→ **EXERCISE**: Reproduce every entry below exactly, minus the pictures.

[[ EXTRACTED DATA open ]]

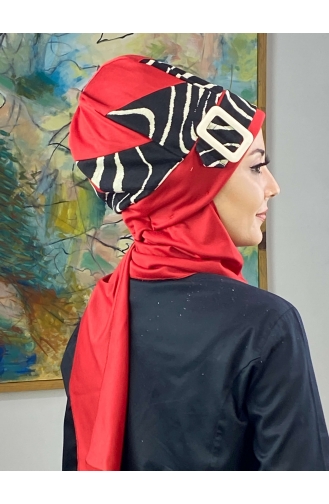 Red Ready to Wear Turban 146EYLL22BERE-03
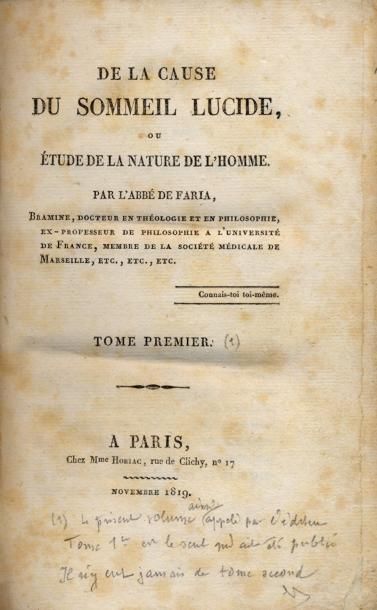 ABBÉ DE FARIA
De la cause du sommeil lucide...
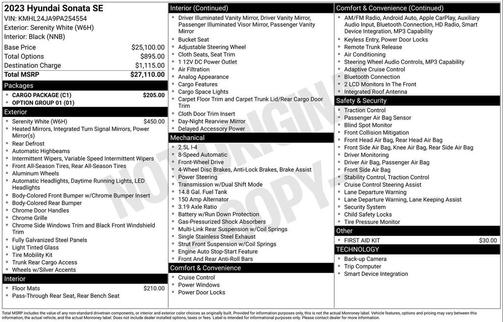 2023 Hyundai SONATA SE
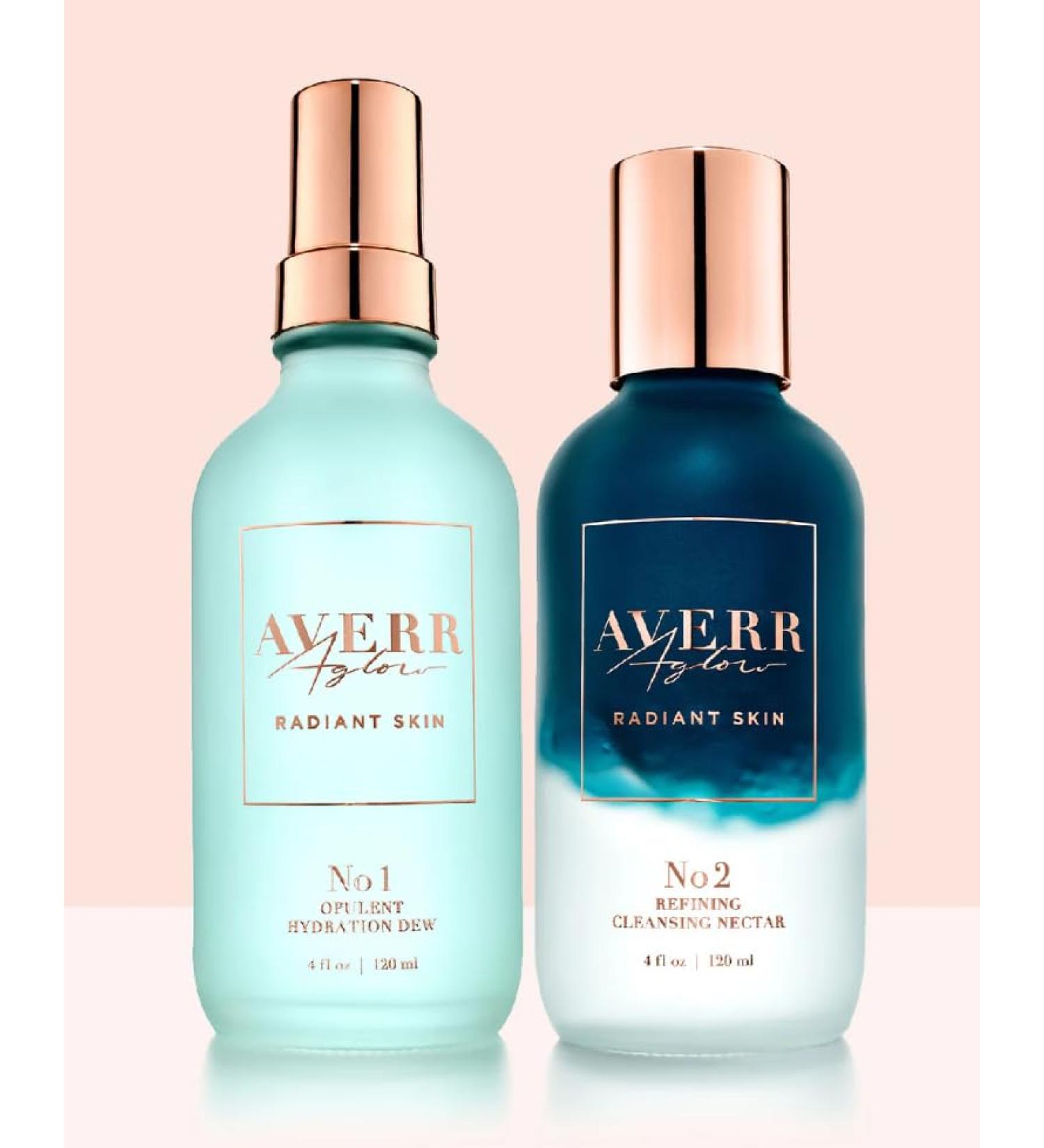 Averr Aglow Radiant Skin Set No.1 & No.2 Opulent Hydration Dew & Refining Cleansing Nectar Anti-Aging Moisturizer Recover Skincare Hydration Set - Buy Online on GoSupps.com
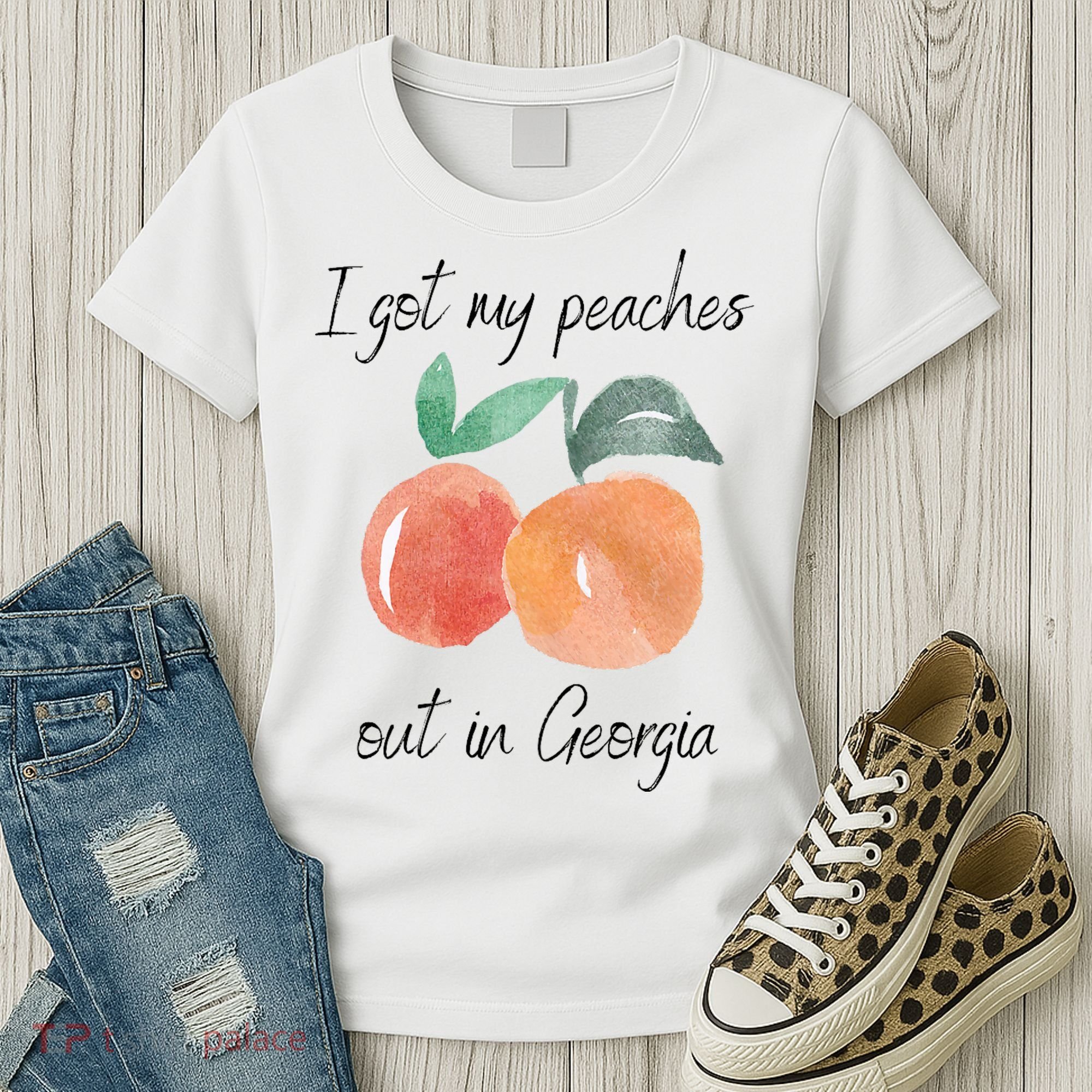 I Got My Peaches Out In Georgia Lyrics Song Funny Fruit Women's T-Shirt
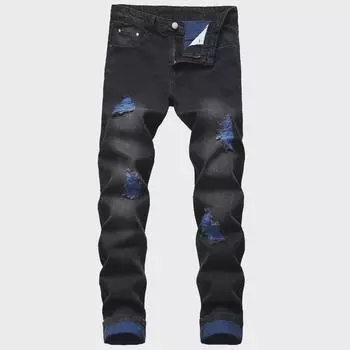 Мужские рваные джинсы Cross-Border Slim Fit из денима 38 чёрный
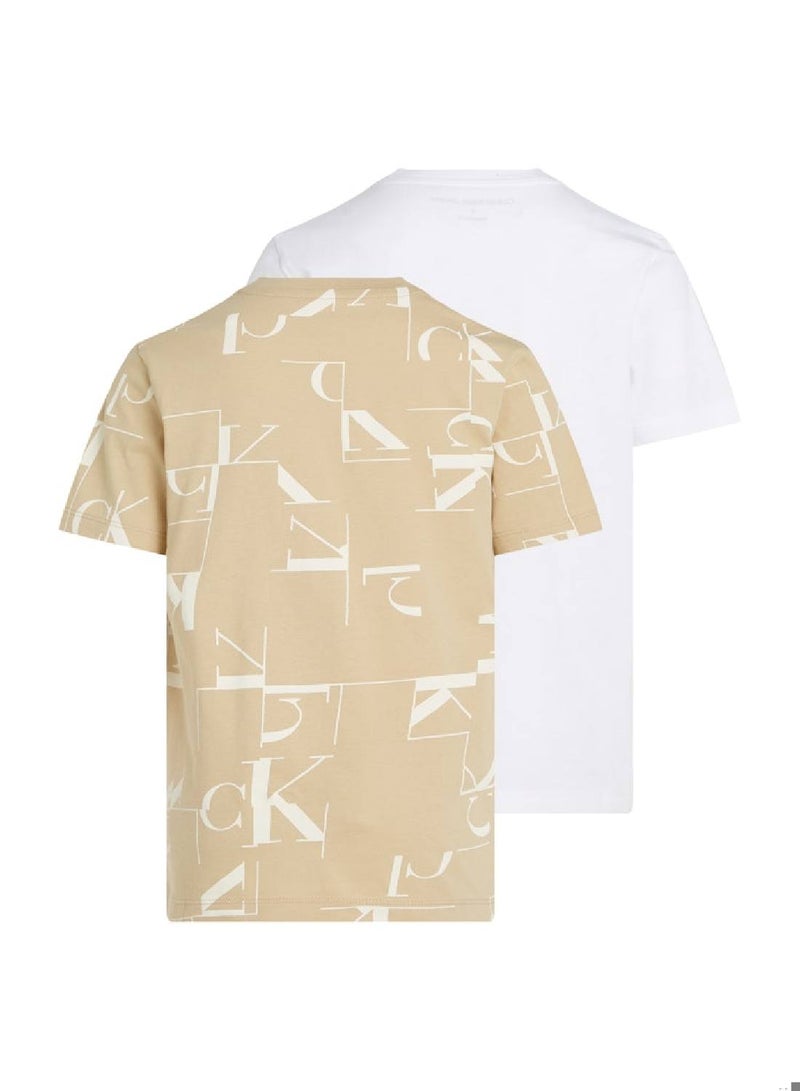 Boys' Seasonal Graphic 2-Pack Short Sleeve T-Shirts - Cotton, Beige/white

[[ EXTRACTED DATA closed ]]

→ **REPLY TO THE EXERCISE**:
 Red Ready to Wear Turban 146EYLL22BERE-03
 ABBÉ DE FARIA
De la cause du sommeil lucide...
 2023 Hyundai SONATA SE
 Averr Aglow Radiant Skin Set No.1 & No.2 Opulent Hydration Dew & Refining Cleansing Nectar Anti-Aging Moisturizer Recover Skincare Hydration Set - Buy Online on GoSupps.com
 I Got My Peaches Out In Georgia Lyrics Song Funny Fruit Women's T-Shirt
 Мужские рваные джинсы Cross-Border Slim Fit из денима 38 чёрный
 Boys' Seasonal Graphic 2-Pack Short Sleeve T-Shirts - Cotton, Beige/white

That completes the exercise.